Don Giovanni Momigli

Omelia Badia Fiorentina – Martedì 25 giugno 2024

  • Martedì della Dodicesima Settimana Tempo Ordinario anno pari (2Re 19,9-11.14-21.31-35.36   Sal 47   Mt 7,6.12-14)

Il regno di Giuda è minacciato dall’Assiria. Sennàcherib si è spinto con il suo esercito verso Giuda e Gerusalemme, con l’intenzione di assoggettare tutti i territori.

Per rendere più forte la minaccia, il re di Assiria fa precedere l’azione militare da un intervento scritto, nel quale dice che per Giuda non c’è nessuna possibilità di scampo né via di salvezza.

Il tentativo di Sennacherib è quello di ostentare la sua superiorità, spaventare Ezechia, re di Giuda, e intimidire il popolo cercando di far vacillare la sua fiducia nel Dio di Israele: «Non ti illuda il tuo Dio in cui confidi» (2Re 19,10).

Potremmo dire che Sennacherib usa la stessa tattica del diavolo, principe del male: per indebolire il popolo cerca di far vacillare il cuore di ogni persona, sapendo di non poter andare molto lontano fino a quando una persona rimane ancorata a Dio.

Leggendo la lettera di Sennacherib, Ezechia, re di Giuda, è preso da forte preoccupazione e angoscia «salì al tempio del Signore, l’aprì davanti al Signore e pregò. (2Re 19,14-15).

Srotolando e leggendo la lettera provocatoria davanti al Signore e mettendosi interamente nelle mani di Dio con un atto di totale fiducia in un momento di forte tribolazione, Ezechia dimostra di avere una grande confidenza, forse maturata da ripetuti momenti di preghiera.

Ieri come oggi, chi crede condivide col Signore, in un contesto di preghiera, le sue gioie e le sue preoccupazioni.
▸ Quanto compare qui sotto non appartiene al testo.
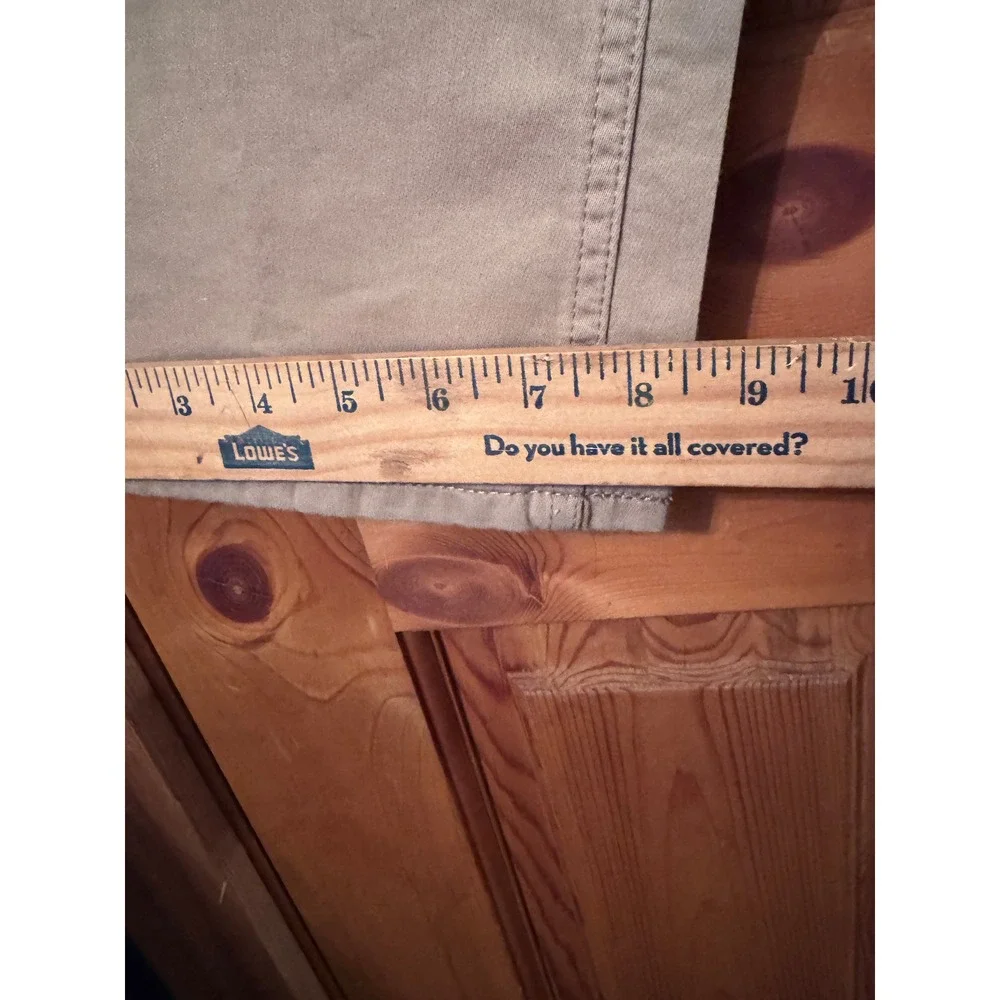 Quince 5-Pocket Pants 40x32 Khaki Tan Straight Leg Stretch Cotton Minimalist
E ieri come oggi il Signore in qualche modo risponde, anche se con modi e tempi diversi da quelli da noi attesi.

In questa particolare situazione, però, Dio risponde a Ezechìa immediatamente attraverso un messaggio del profeta Isaia, che – per la sua lunghezza – la liturgia ci presenta con dei tagli in più parti.

Le parole di Isaia sono un poema ironico, di scherno nei confronti del re di Assiria: «ti deride la vergine figlia di Sion.. scuote il capo la figlia di Gerusalemme» (2Re 19,21). Come dire: perfino le ragazze inabili alle armi e alla guerra hanno compreso l’infondatezza delle minacce assire nei confronti di Giuda.
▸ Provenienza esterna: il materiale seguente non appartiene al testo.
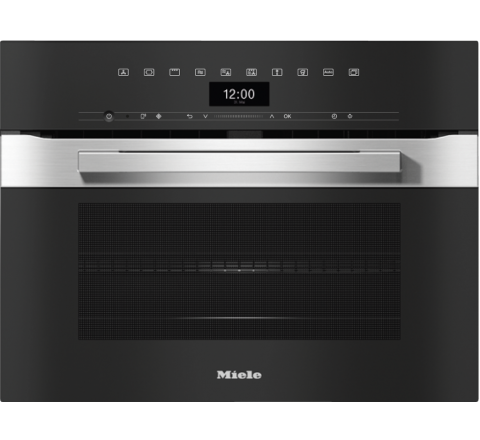 Miele H 7440 BM PureLine CleanSteel Speed Oven - SKU 11128230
Non conosciamo il modo in cui sia intervenuto l’angelo del Signore per liberare il regno di Giuda dalla minaccia assira, di cui parla la lettura (cfr 2Re 19,35), ma dagli stessi annali di Sennàcherib veniamo a conoscenza di un infruttuoso assedio di Gerusalemme precisamente, nel 701 a.C.

Una fiduciosa confidenza col Signore, come quella maturata da Ezechia, si acquisisce col tempo e focalizzandosi non solo sui divieti o sul male da evitare, bensì sul bene attivamente da fare: «Tutto quanto volete che gli uomini facciano a voi, anche voi fatelo a loro: questa infatti è la Legge e i Profeti» (Mt 7,12).
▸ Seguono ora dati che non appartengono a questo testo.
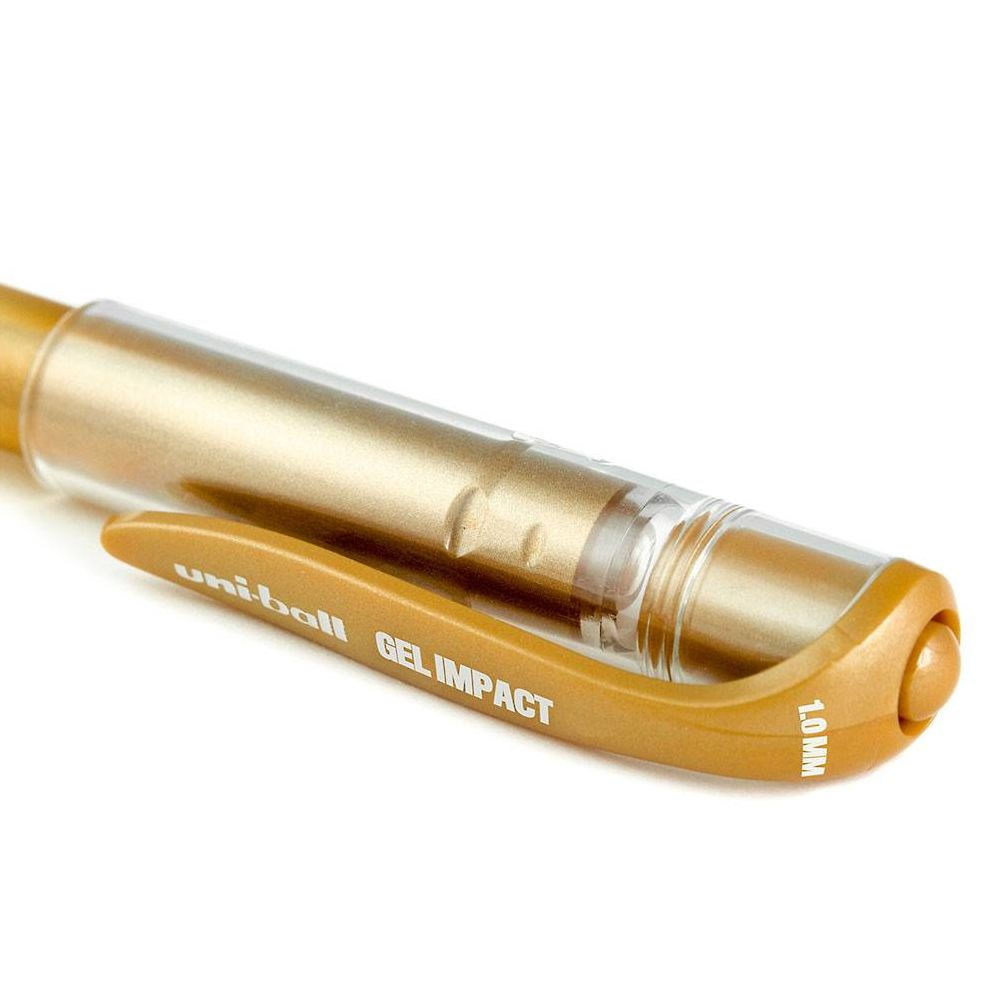 uniball Signo Gel Impact Pens, Bold Point (1.0mm), Assorted Metallic, 3 Pack (Gold, Silver, White)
La fede porta a fare il bene, e, come ha detto ieri nel suo saluto alla città il nuovo Arcivescovo, Mons Gherardo Gambelli: «In tempi difficili come quello che stiamo vivendo, di cambiamento d’epoca, non basta fare il bene, bisogna fare bene il bene».

Fare bene il bene, esige una maggiore attenzione alle persone e ai loro volti, un accorto discernimento e una fattiva tensione alla promozione umana, che non si esaurisce nel solo e pur necessario impegno emergenziale e assistenziale.

Fare bene il bene, significa non fermarsi a valle, ma risalire la cima e cercare di intervenire a monte per correggere i meccanismi perversi che producano ingiustizie e persone povere, emarginate, discriminate.

Per fare bene il bene, soprattutto, occorre entrare «per la porta stretta» (Mt 7,14), che non è la via più facile, ma che non chiede speciali sacrifici o pratiche ascetiche particolari.

Possiamo dire che la porta è stretta perché è a nostra misura. È a misura di ognuno di noi. E ciascuno, per passare, non deve appesantirsi; deve sapersi distaccare da tutto quello che ingombra impedendo il passaggio.

Se voglio entrare nella porta della salvezza debbo abbandonare il mio peccato, inteso come il male che compio e il bene che non compio. Ma debbo anche abbandonare le mie difese, la mia autosufficienza, le mie ossessioni, le mie sicurezze e pure le mie ristrette visioni di bene, per mettermi tutto intero sotto lo sguardo di Dio.